All pictures are to be dropped, and the remaining data set down exactly.

* **Information**:
==================================================

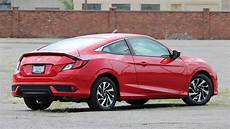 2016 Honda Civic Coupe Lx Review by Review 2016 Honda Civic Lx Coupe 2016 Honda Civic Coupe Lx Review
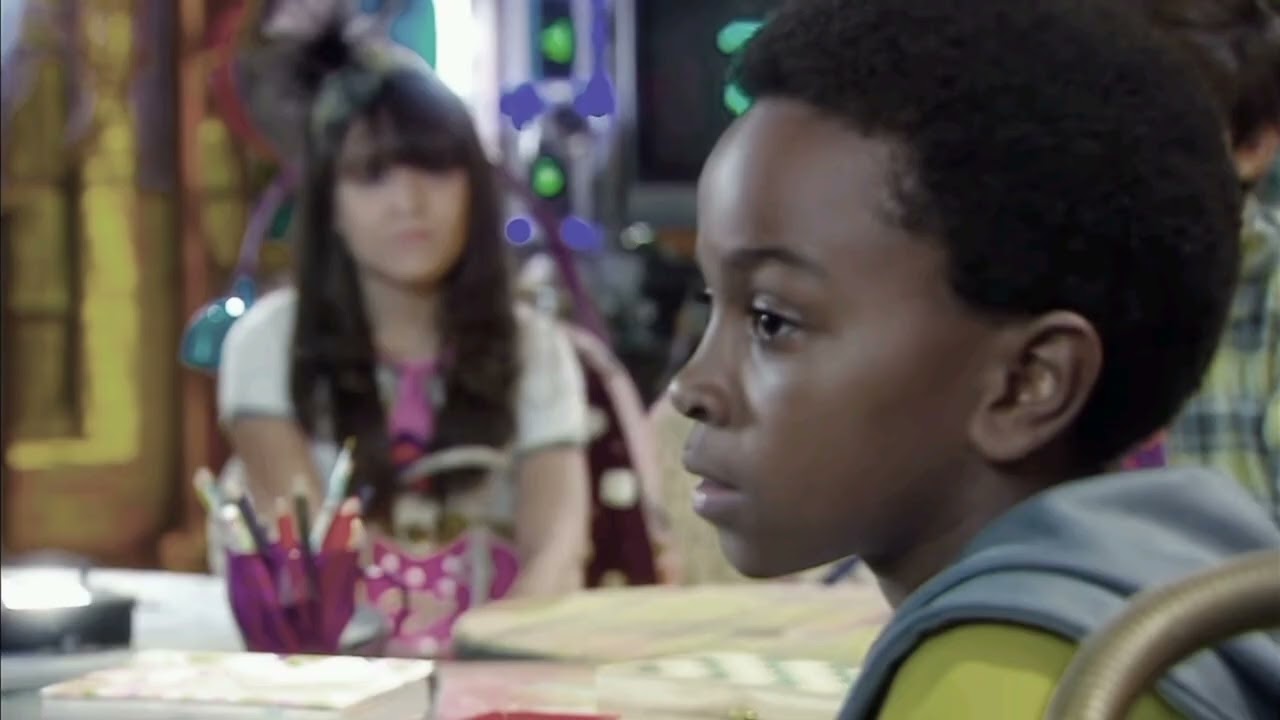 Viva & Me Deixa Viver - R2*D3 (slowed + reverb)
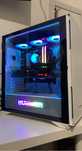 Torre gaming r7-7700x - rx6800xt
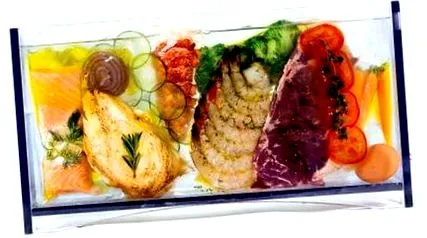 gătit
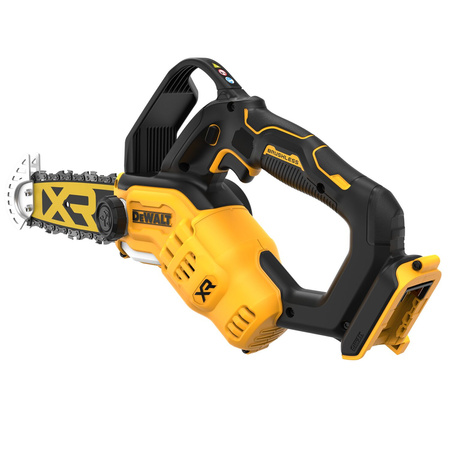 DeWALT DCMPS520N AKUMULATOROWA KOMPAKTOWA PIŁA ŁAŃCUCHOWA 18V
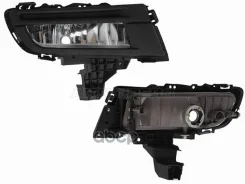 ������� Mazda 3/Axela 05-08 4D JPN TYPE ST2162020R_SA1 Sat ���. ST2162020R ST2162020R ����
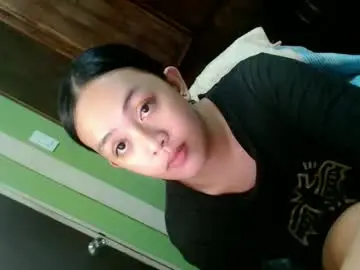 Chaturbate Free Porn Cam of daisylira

==================================================

* **Written solution**:
 2016 Honda Civic Coupe Lx Review by Review 2016 Honda Civic Lx Coupe 2016 Honda Civic Coupe Lx Review
 Viva & Me Deixa Viver - R2*D3 (slowed + reverb)
 Torre gaming r7-7700x - rx6800xt
 gătit
 DeWALT DCMPS520N AKUMULATOROWA KOMPAKTOWA PIŁA ŁAŃCUCHOWA 18V
 ������� Mazda 3/Axela 05-08 4D JPN TYPE ST2162020R_SA1 Sat ���. ST2162020R ST2162020R ����
 Chaturbate Free Porn Cam of daisylira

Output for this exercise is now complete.